Marc Glisse marc.glisse@inria.fr
Thu Oct 27 16:31:00 GMT 2016


On Thu, 27 Oct 2016, Sven C. Dack wrote:

> I've been installing private copies of gcc for a while now, but only recently 
> did I notice that my distro's gcc (Debian testing) is doing much better when 
> comparing compile times than any of my copies. For instance does it take 230s 
> for my copy to compile a linux kernel, but only 163s for my distro's gcc, 
> which is almost a minute in difference for something that doesn't take more 
> than 3-4 minutes to compile.
>
> What makes this noteworthy for me is that I've compiled my copy with 
> profiledbootstrap and LTO enabled and also optimized it for my CPU, whereas 
> the distro's compiler won't have been optimized quite that much, but yet is 
> it so much faster in speed.
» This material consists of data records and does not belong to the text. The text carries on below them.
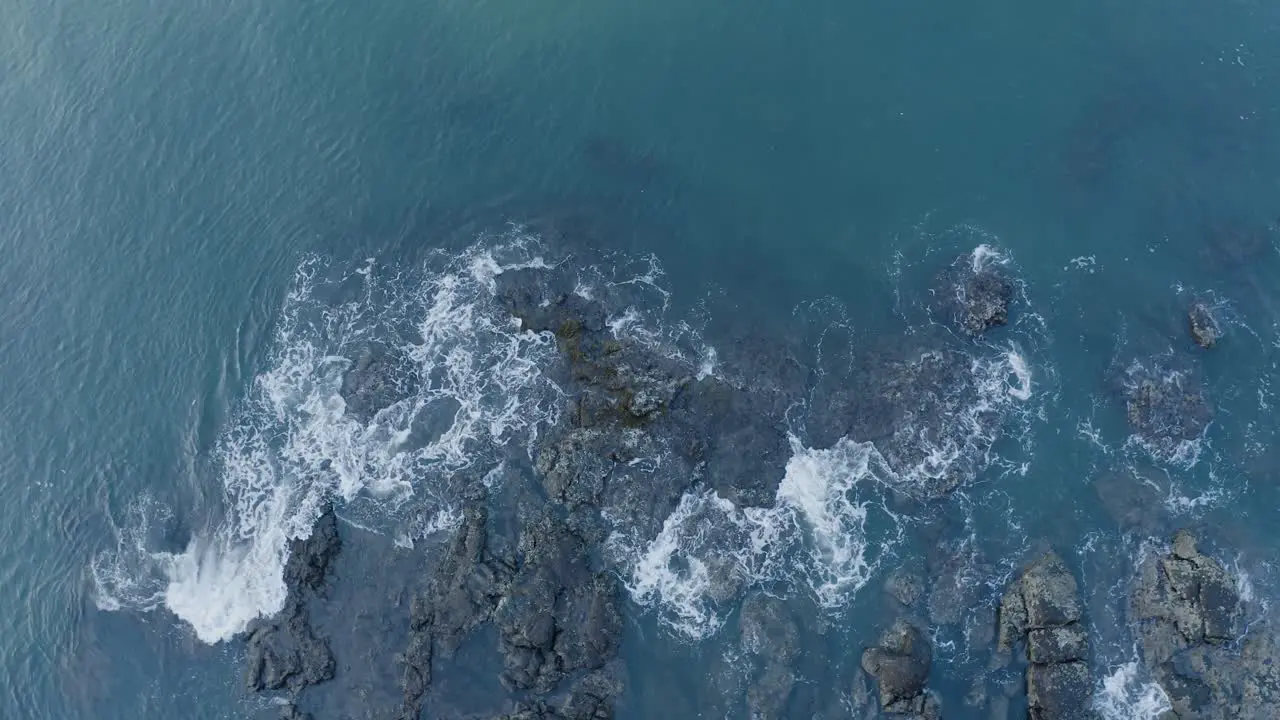 Sea waves hitting rocks aerial view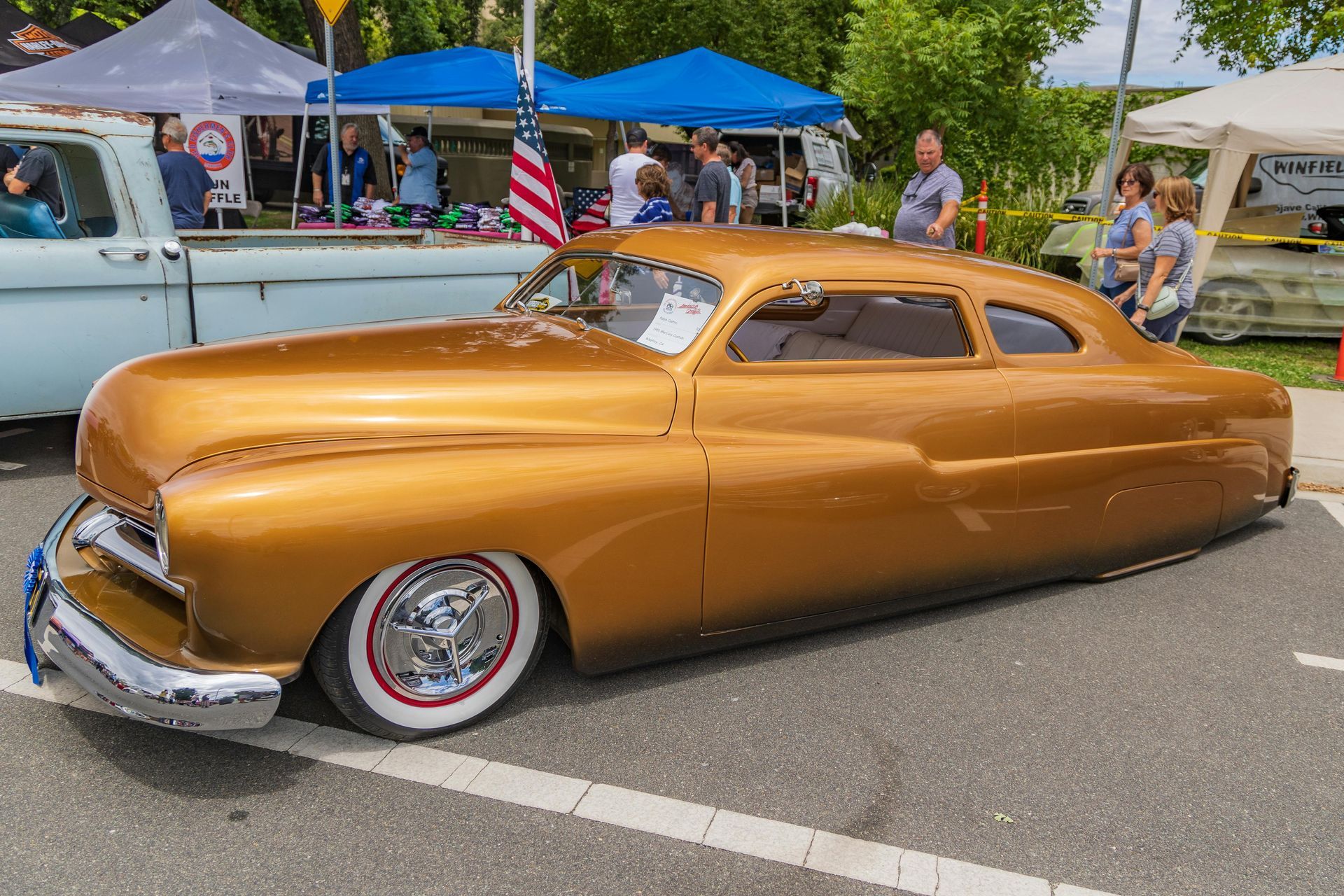 A lowrider car at a car show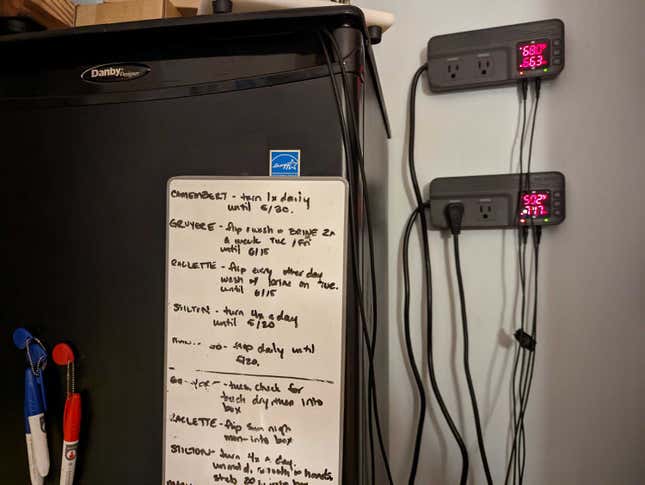 My cheese cave stack, with a reminder board of what’s inside. The Inkbird controllers show the temp and humidity in my caves. 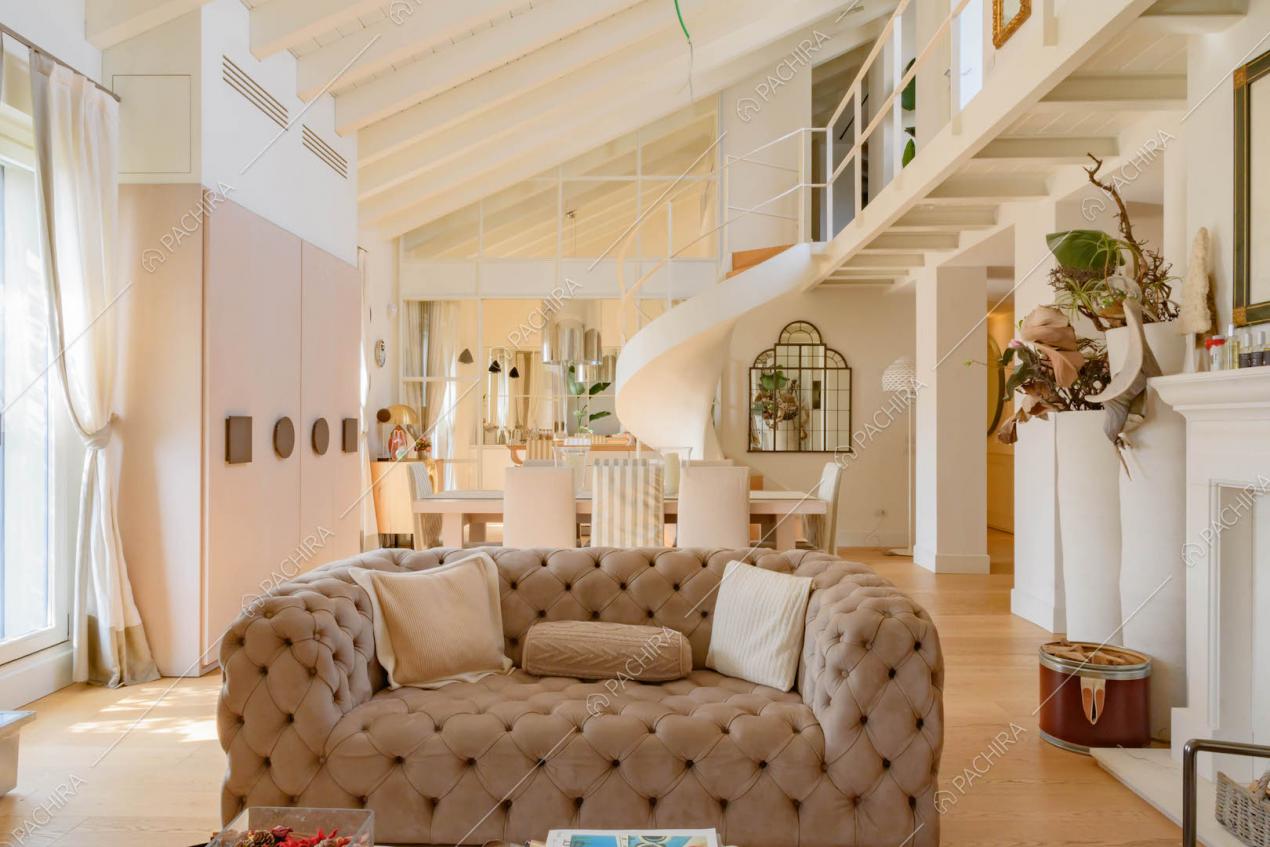 Divanetto marrone nella luminosa zona living con pavimento in parquet e scala a chiocciola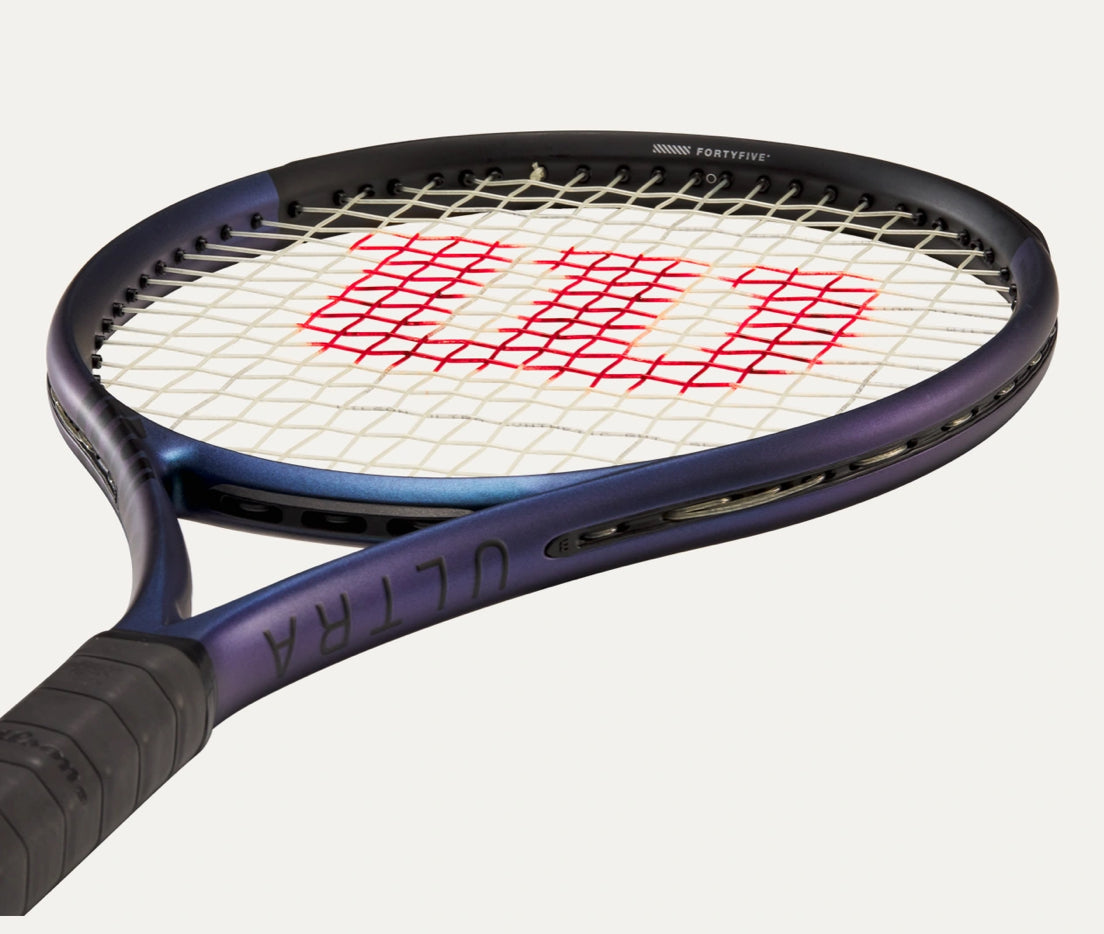 Tennis racket with Wilson logo on a white background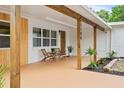 Inviting front porch with wooden posts and seating area at 1108 66Th Nw St, Bradenton, FL 34209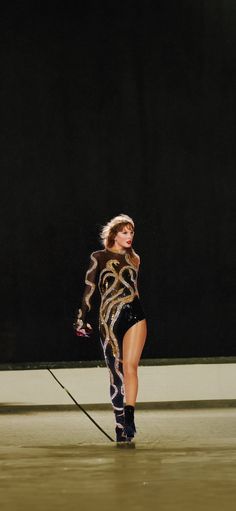 a woman in an animal print outfit is walking with a stick on the floor,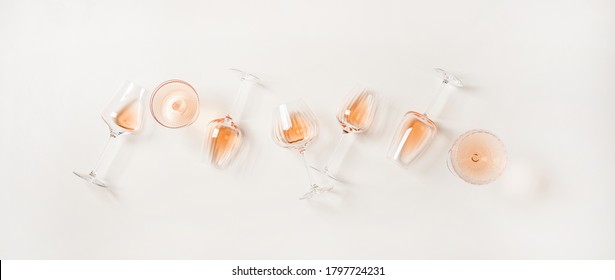 Rose Wine Variety Layout. Flat-lay Of Rose Wine In Various Glasses Over Plain White Background, Top View. Summer Drink For Party, Wine Shop Or Wine Tasting Concept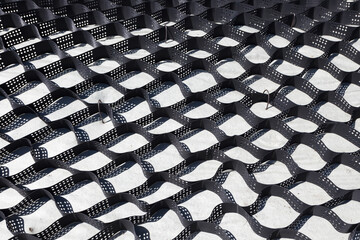 Polymer geogrid for filled with soil. Strengthening of sandy slopes with a geogrid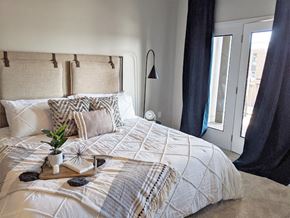 Granger apartment for rent - Cozy bedroom with upholstered headboard and bedding at GrandView Flats and Townhomes Apartments, Granger, IN 46530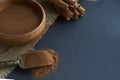 Cinnamon sticks, tied with jute rope in rustic style. Ground cinnamon in a wooden bowl and vintage scoop. Close up on a Royalty Free Stock Photo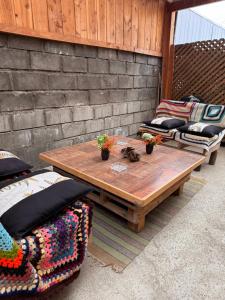 a wooden table and chairs on a patio at Casa mirador lago in Panguipulli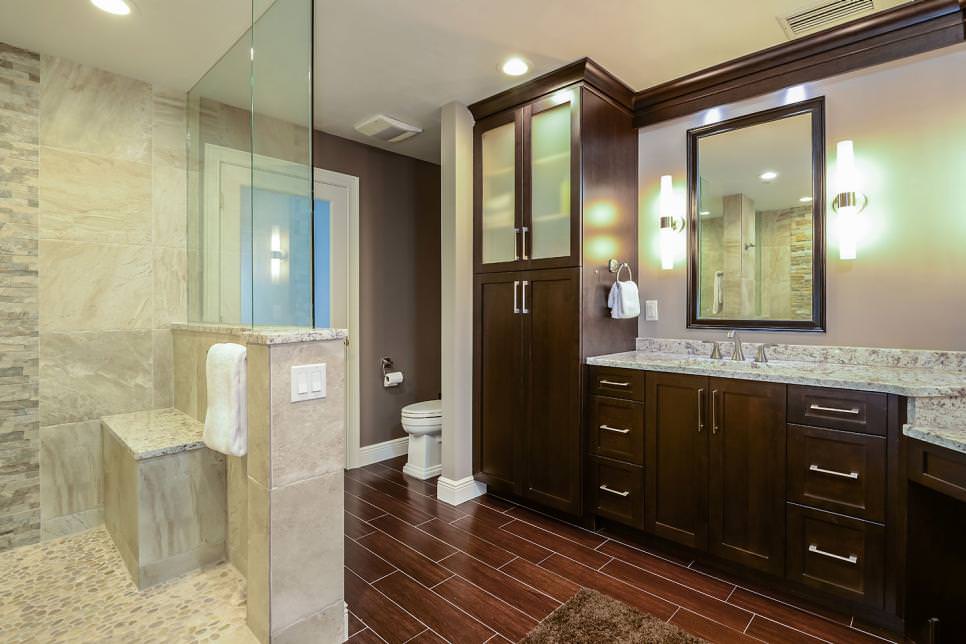 master bathroom with dark brown wooden cabinets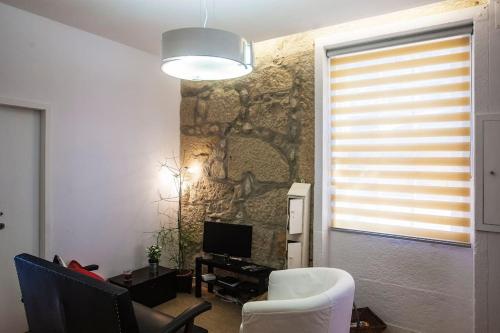 a living room with a stone wall and a television at Lighthouse Apartment in Porto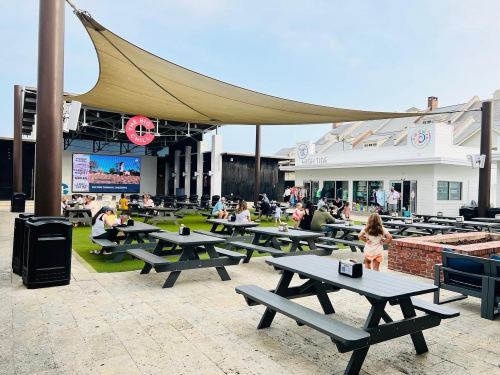 Outdoor dining area with picnic tables, a large screen, and people enjoying their meals under a shaded canopy.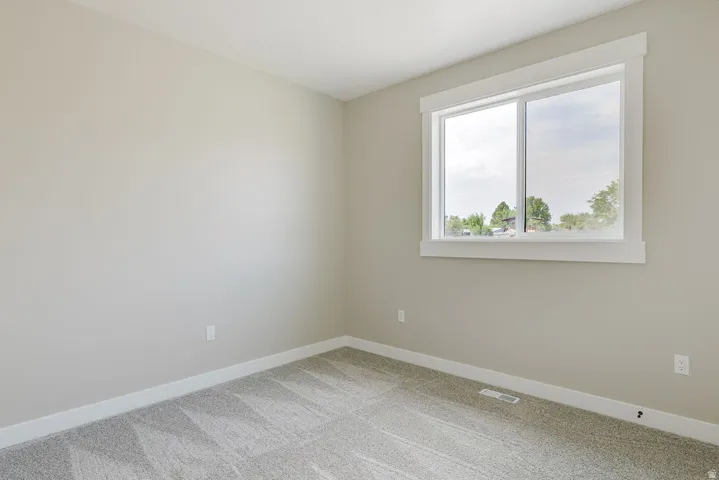 Well-lit room featuring a large window with white trim, light neutral wall paint, and patterned gray carpeting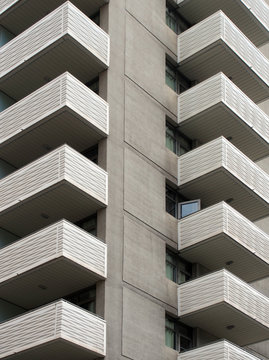 modern white concrete apartment block with geometric angular balconies vertical view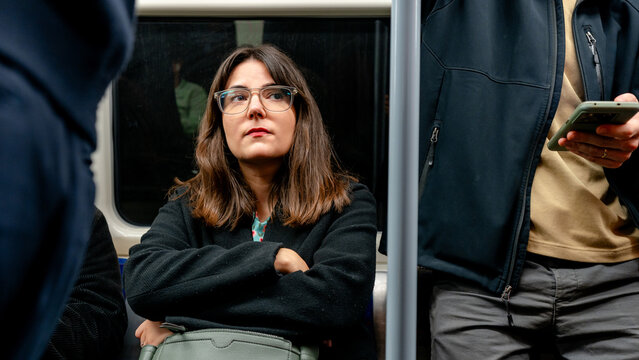 Woman on commute in a London Underground train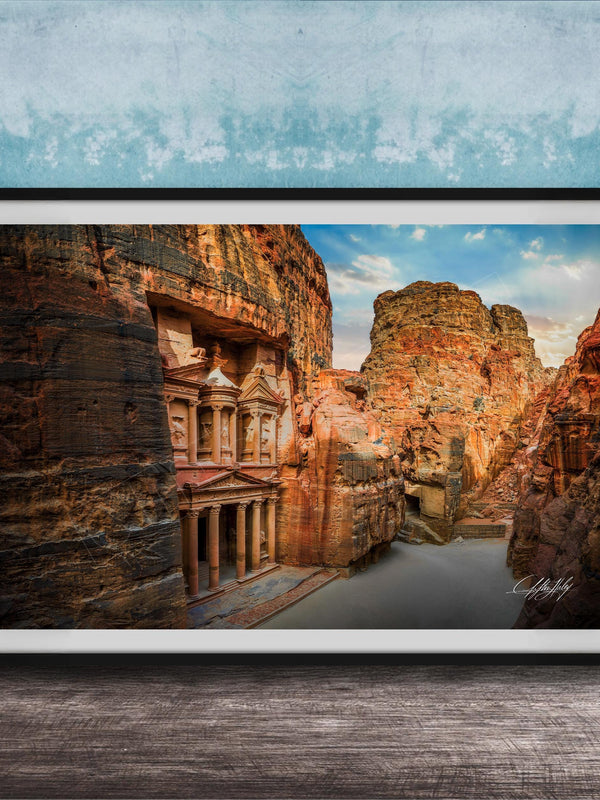 a large, ancient stone structure carved into a cliff face, with a river flowing through the carved grooves.
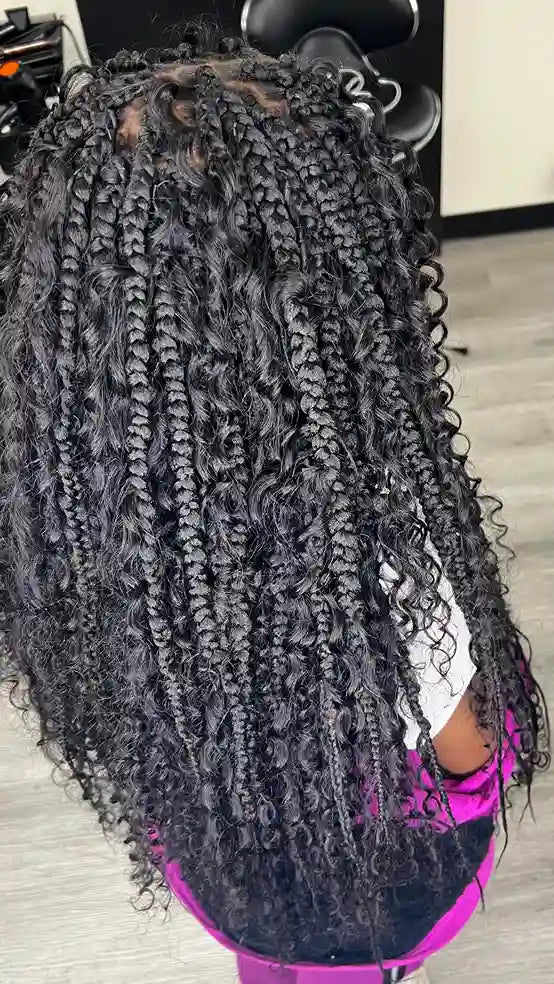 Boho knotless braids with curly ends, hairstylist located in Philadelphia, PA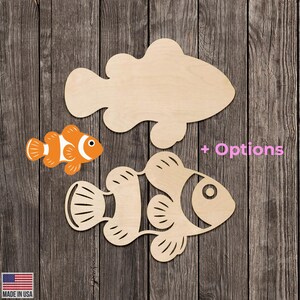 May include: Wooden fish cutouts in various styles. One is a detailed orange and white clownfish, while the others are unfinished wood. The image includes the text "+ Options" and a small American flag.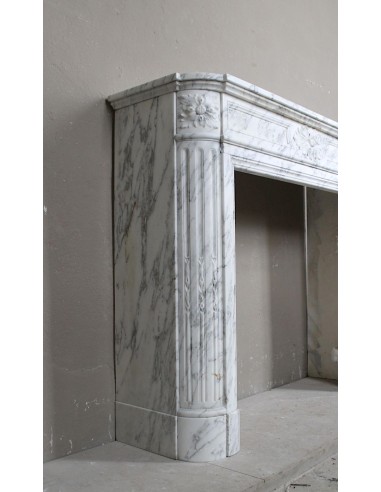 Neoclassical fire surround in Statuary Arabescato marble featuring soft gray veins on a white background.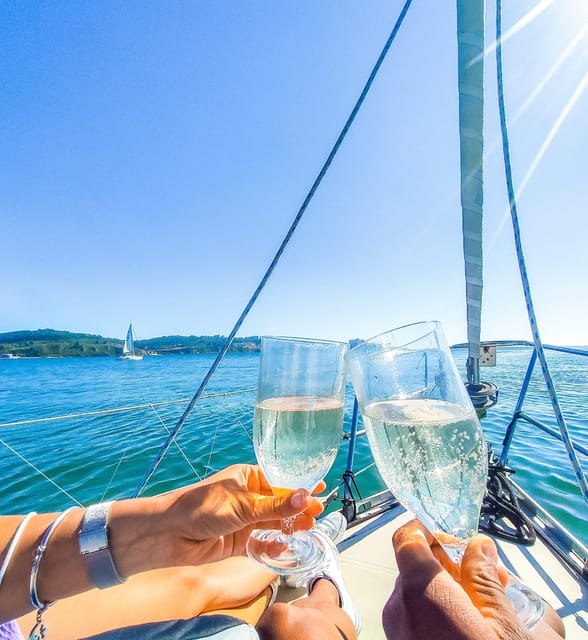 Lisbon: "Sunset" & "Day Tours" by boat, with drink and music - Why the Tagus at sunset changes how Lisbon looks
I don't know how exactly my distro's gcc has been 
> set up, because the Debian build rules are rather complex and include their 
> own set of patches. So I thought I start with asking here first.
>
> What is that can make such a huge difference in compile speed for two copies 
> of gcc, both version 6.2, using the same options, on the same source? Or are 
> any of the configure options know to have a huge impact on the resulting 
> compiler's speed?

--enable-checking=release would be the first thing to check.